I see no reason why there would be a doubt. However, the exact bound for Wiener's attack is not the subject of much scrutiny by the cryptanalysis research community, because:

  • Dan Boneh & Glenn Durfee's Cryptanalysis of RSA with Private Key $d$ Less than $N^{0.292}$ (in proceedings of Eurocrypt 1999) factors $N$ for $d$ significantly larger that Wiener's attack can, making Wiener's attack interesting only by it's relative simplicity.
  • Practice must use $d$ comfortably above these thresholds for security reasons. Thus it can only give a modest speed advantage compared to using the CRT method for the RSA private key operation, and then only if using this method, where essentially it lowers $d_p$ and $d_q$ (and, for two moduli of about equal size, makes $d_p=d_q$, which is far from reassuring from a security standpoint).

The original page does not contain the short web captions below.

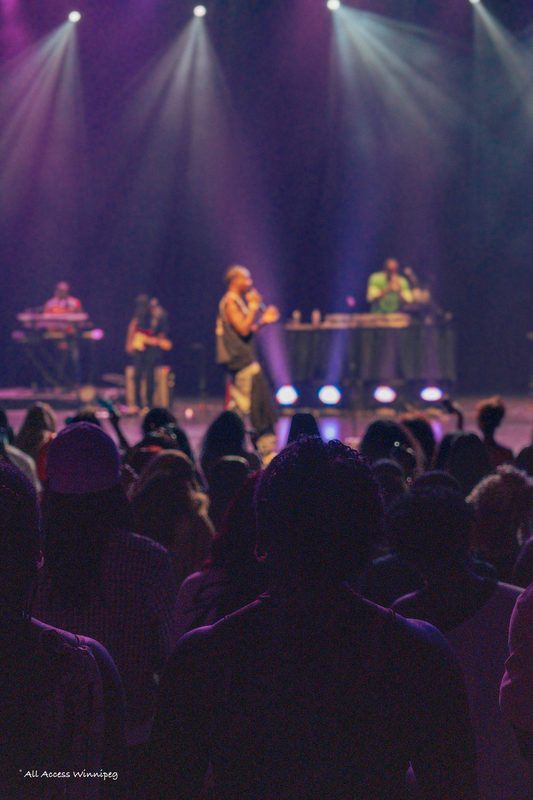 Artist performing under purple stage lights, P0PS x Young Jonn, Winnipeg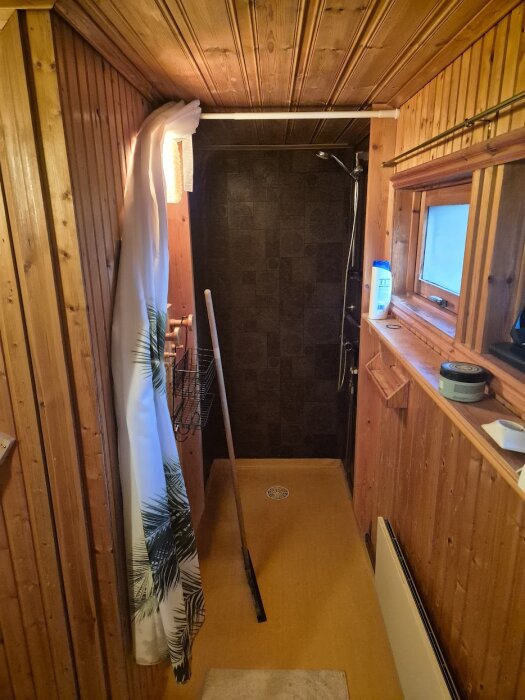 Badrum i fritidshus med träpanel, duschmodul med mörk vägg, plastmatta på golvet, duschdraperi och hylla med fönster vid sidan.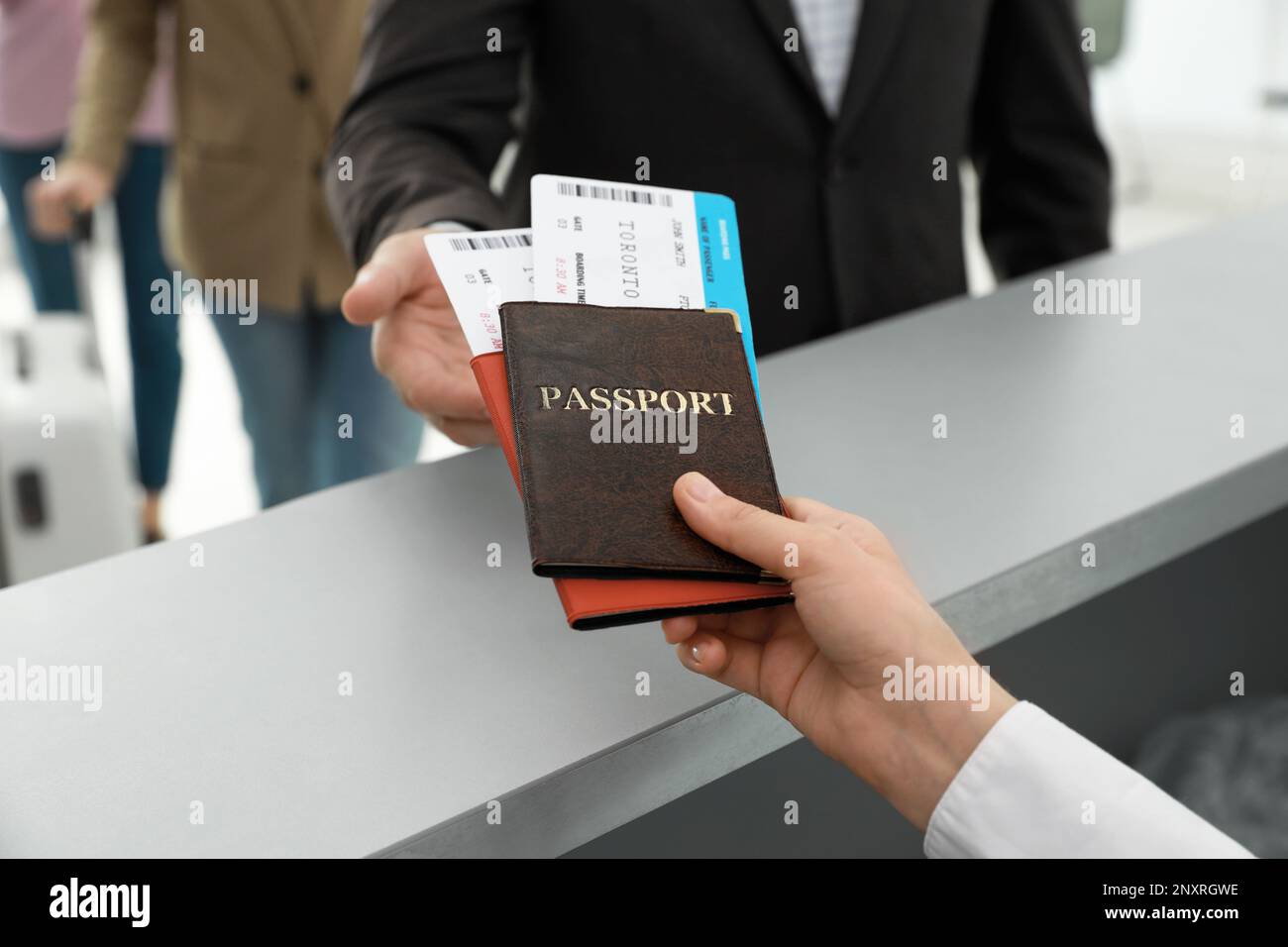 Agent giving passports and tickets to man at checkin desk in airport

  • Practice uses small $e$ because it is widely considered safe and leads to fast public key operation, which is desirable. It follows $d$ is with practical certainty far above Wiener's $N^{0.25}$ and Boneh & Durfee's $N^{0.292}$ bound (unless we use a modulus with at least 4 prime factors and have these factors exactly one above some multiple of a large prime, with the later at least worrying from a security standpoint).

This does not answer the "how does this work" part of the Q.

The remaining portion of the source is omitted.